#### GIVEN RECORDS ####

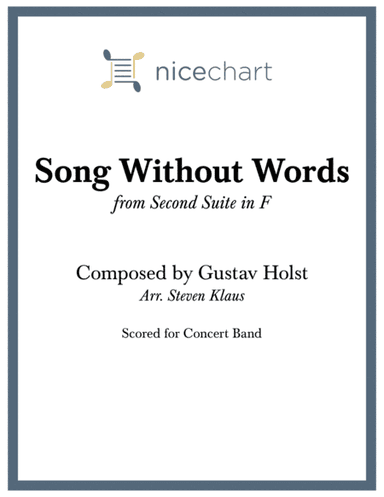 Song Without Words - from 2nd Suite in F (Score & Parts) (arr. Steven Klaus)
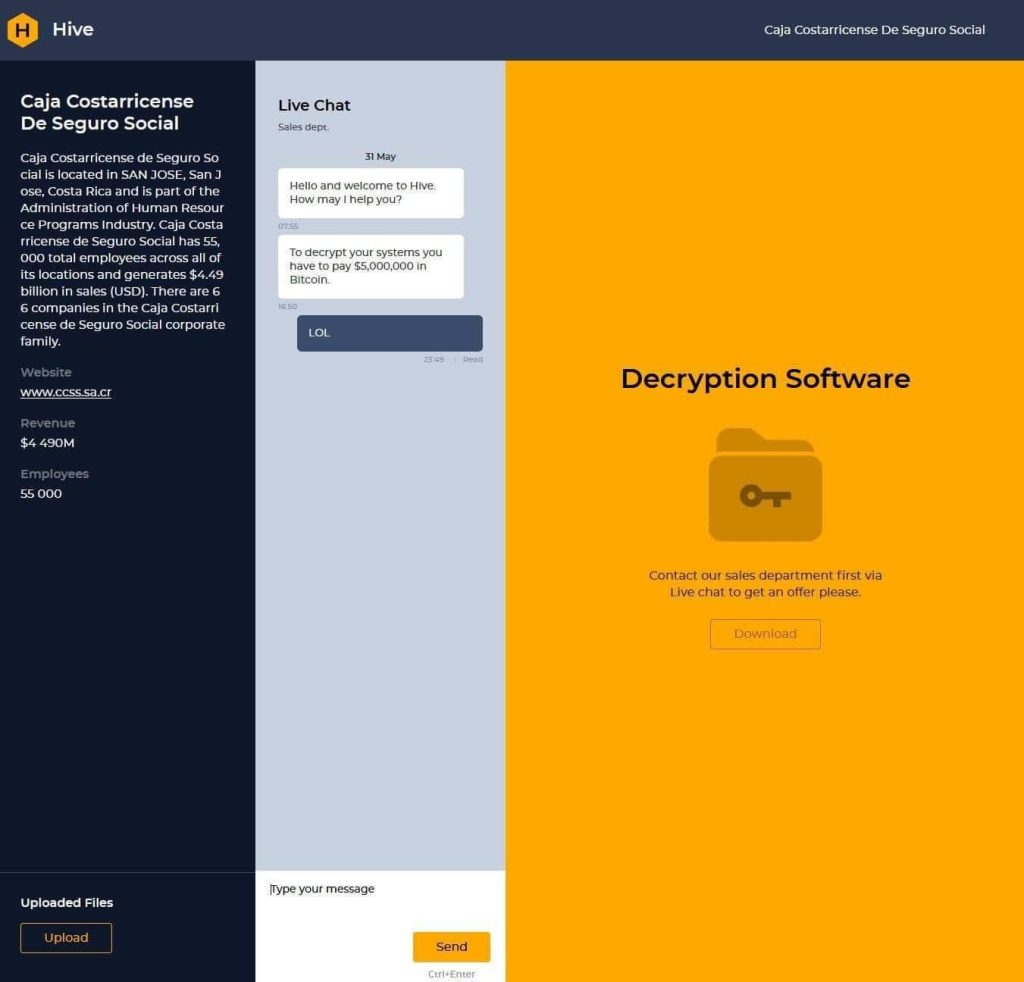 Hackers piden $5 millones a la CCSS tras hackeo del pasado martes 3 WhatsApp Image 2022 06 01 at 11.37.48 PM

####
#### GIVEN RECORDS ####

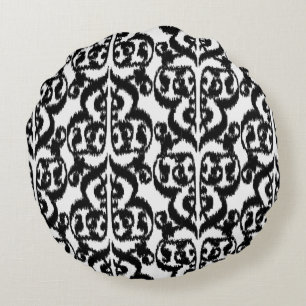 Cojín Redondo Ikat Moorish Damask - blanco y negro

####

WHAT NEEDS TO BE DONE - When you reach the line that has "Song Without Words" in the data above, start repeating lines exactly, and stop after the line that has "Hackers piden $5"; pictures stay out.

FINISHED TASK -
 Song Without Words - from 2nd Suite in F (Score & Parts) (arr. Steven Klaus)
 Hackers piden $5 millones a la CCSS tras hackeo del pasado martes 3 WhatsApp Image 2022 06 01 at 11.37.48 PM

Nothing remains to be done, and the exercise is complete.